EXERCISE REQUIREMENTS
Lines from the one with "supermotard-alphuez2008-paddock_043.JPG" up to and including the one with "Hellen online show" are to be copied exactly from the records below, without their pictures.

MATERIAL SUPPLIED

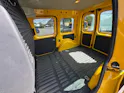 VW Caddy 2.0TDI 4Motion BlueMotion Technology 4x4 mit Klima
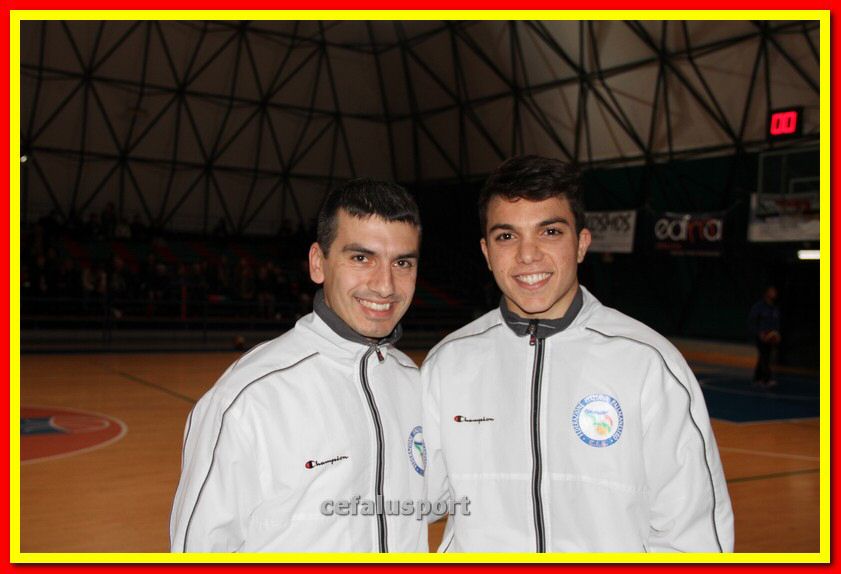 150111 Aretusa 036_tn.jpg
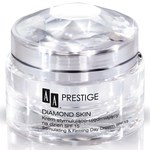 AA Prestige Diamond Skin 45 +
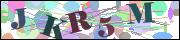 capcha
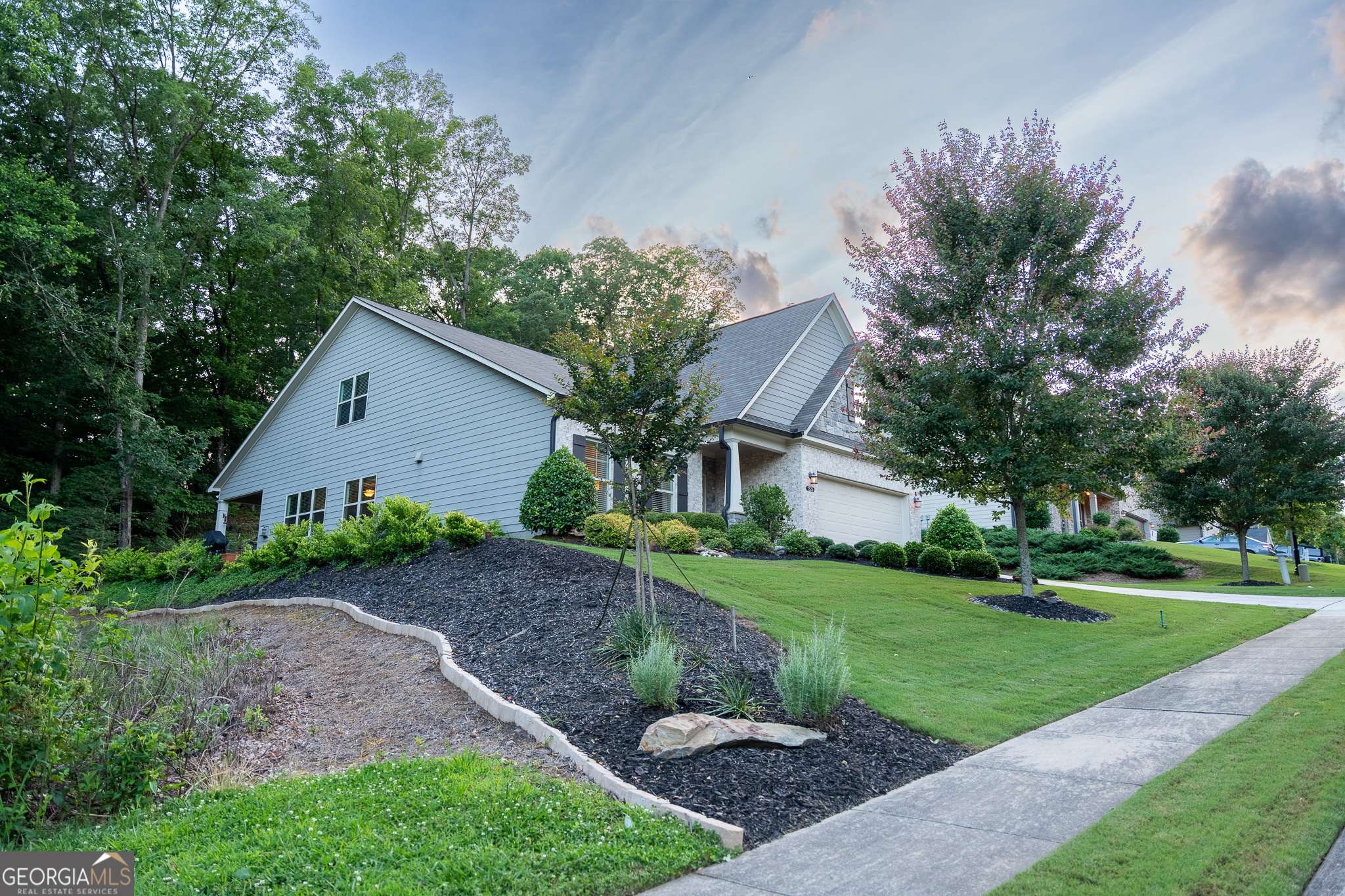 Gainesville, GA 30501,1325 Burnam Wood DR
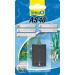 Tetra AS 40 air stone - ideal in combination with APS aquarium air pumps 1 piece (1 pack) AS 40
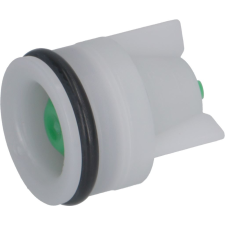 NUOVA SIMONELLI VÍZTARTÁLY SZÁLLÍTÓSZELEP kisháztartási gépek kiegészítői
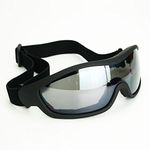 Dust Proof Goggles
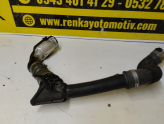 Oto Çıkma Parça / Renault / Fluence / Motor / Turbo Hortumu / Çıkma Parça 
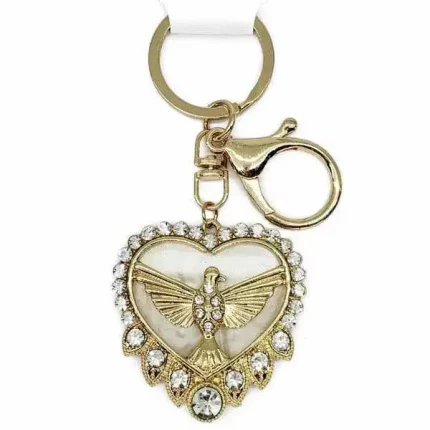 Chaveiro-Nossa-Senhora-Aparecida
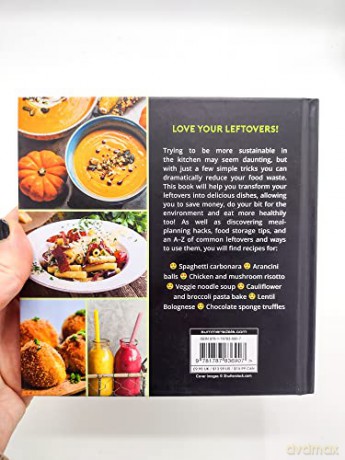 Zero Waste Kitchen - Charmaine Yabsley [KSIĄŻKA]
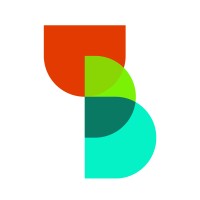 UB Works logo - Similar company to Bloeiindex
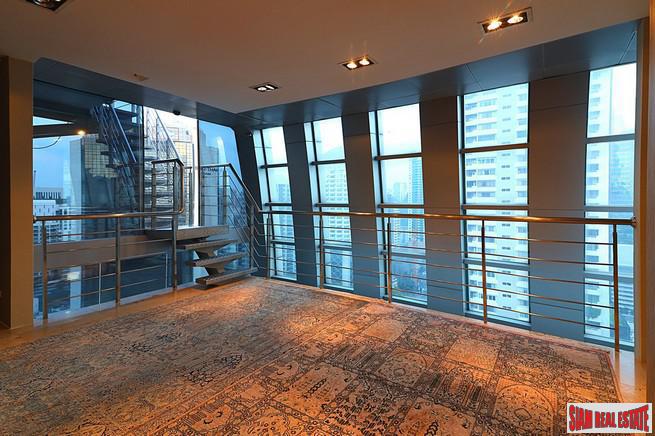 Property - For Sale-19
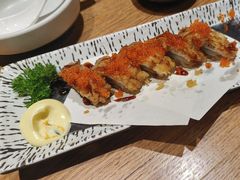 -赤稻·日式料理(禅城店)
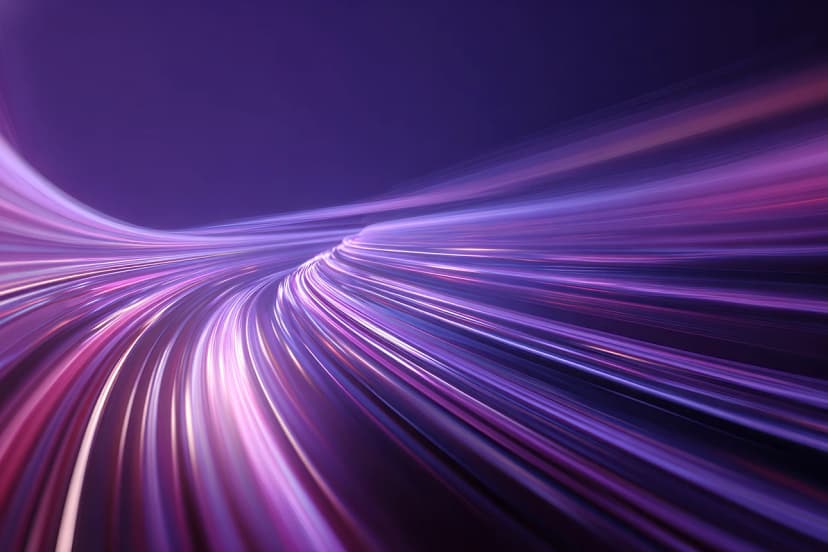 Votre connectivité IoT est-elle à la hauteur des enjeux de votre entreprise ?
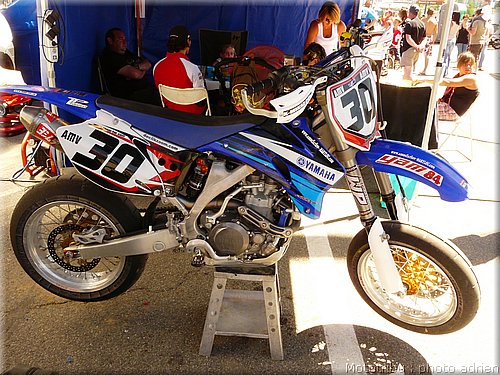 supermotard-alphuez2008-paddock_043.JPG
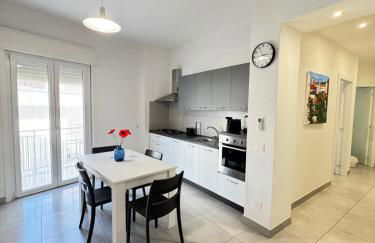 Zu Pino Apartments Cefalù - Foto 3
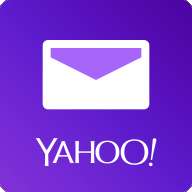 Yahoo电子信箱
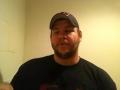 Kevin Steen (7)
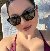 Angelinakate, 30, Tursunzoda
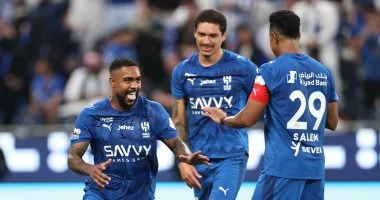 مواعيد مباريات اليوم الجمعة 31 - 10 – 2025 والقنوات الناقلة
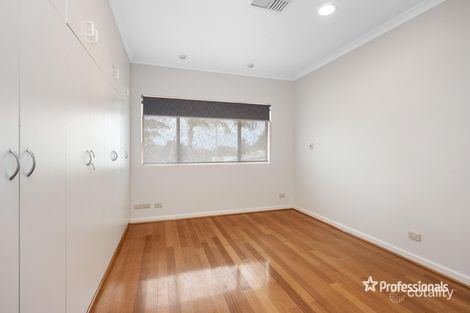 Property photo of 7 Gwalia Close Hannans WA 6430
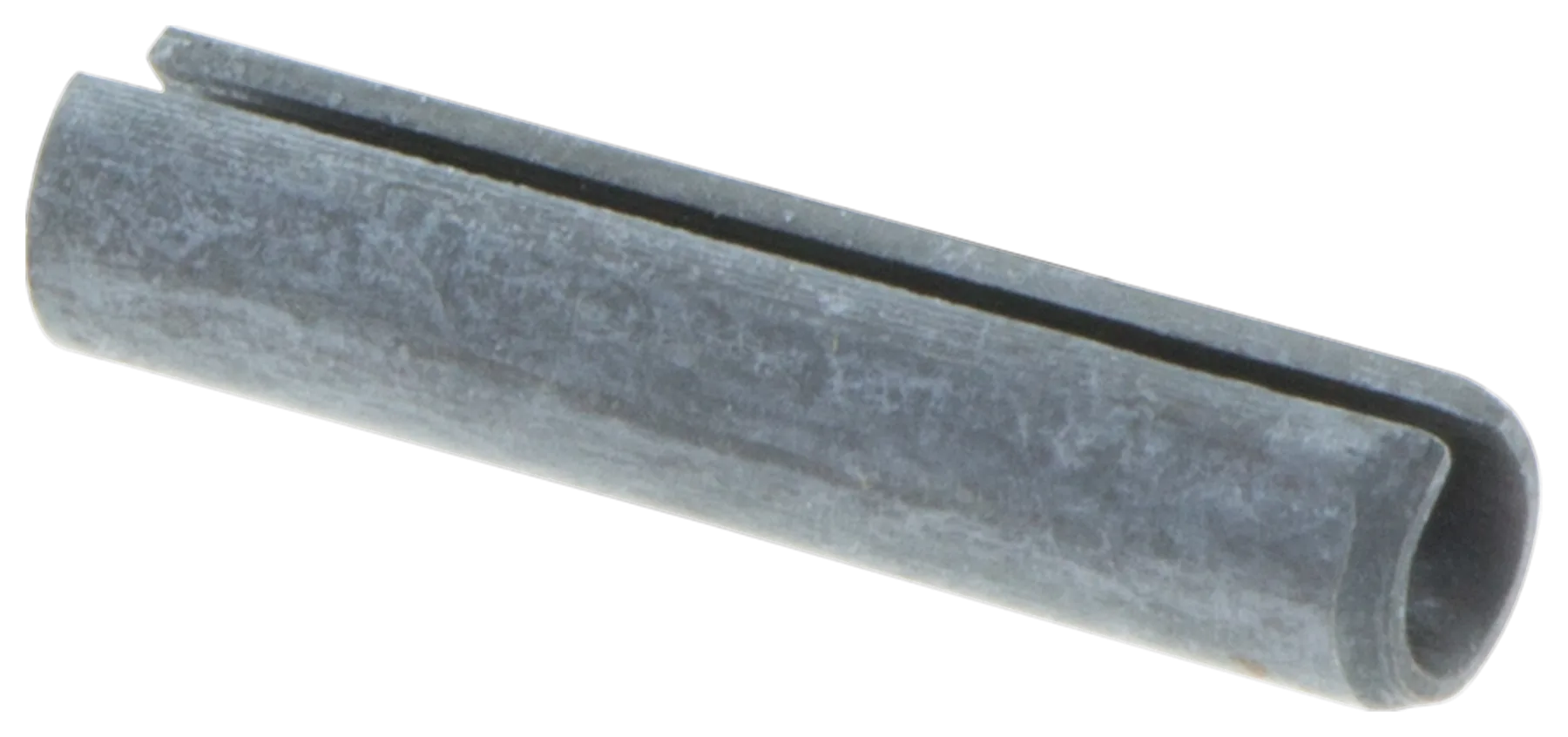 PINNE FRP 5X24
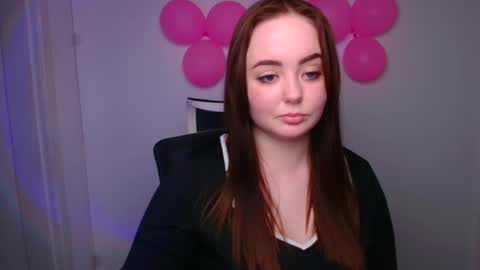 Hellen online show from February 18, 2025, 4:37 pm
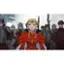 Alt View 16. Nintendo - Fire Emblem: Three Houses.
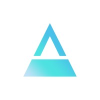 OurBase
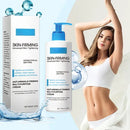 Hoygi Cream | Firmador de Pele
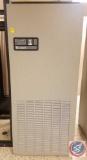 Emerson Network Power Liebert Rooftop A/C Unit 32 1/2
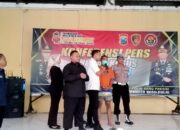 Satpam Perumahan di Sidoarjo Ditangkap Polisi, ini Penyebabnya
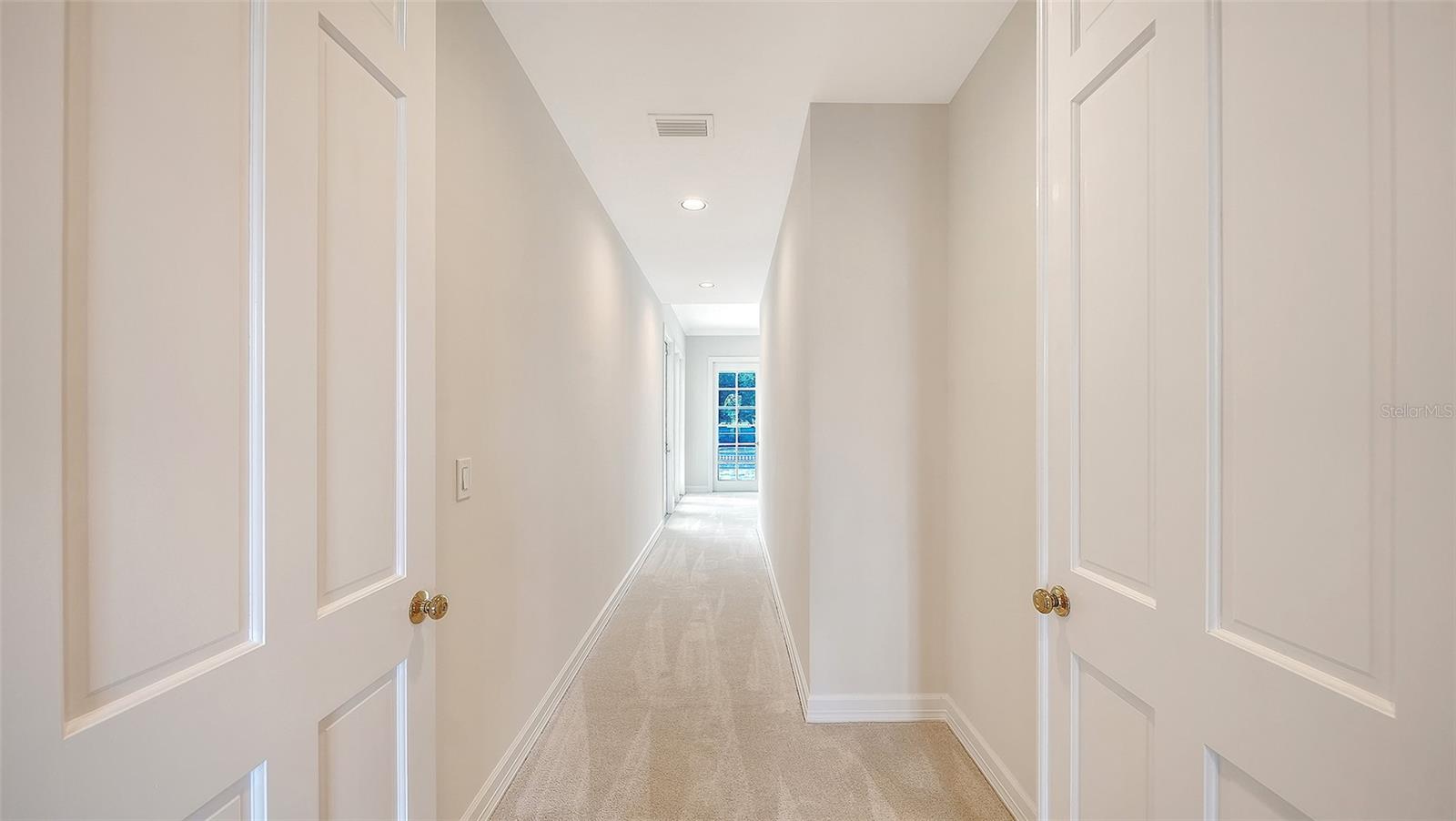 916 MACEWEN DR, OSPREY, FL — photo 34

SOLUTION TO THIS EXERCISE
 supermotard-alphuez2008-paddock_043.JPG
 Zu Pino Apartments Cefalù - Foto 3
 Yahoo电子信箱
 Kevin Steen (7)
 Angelinakate, 30, Tursunzoda
 مواعيد مباريات اليوم الجمعة 31 - 10 – 2025 والقنوات الناقلة
 Property photo of 7 Gwalia Close Hannans WA 6430
 PINNE FRP 5X24
 Hellen online show from February 18, 2025, 4:37 pm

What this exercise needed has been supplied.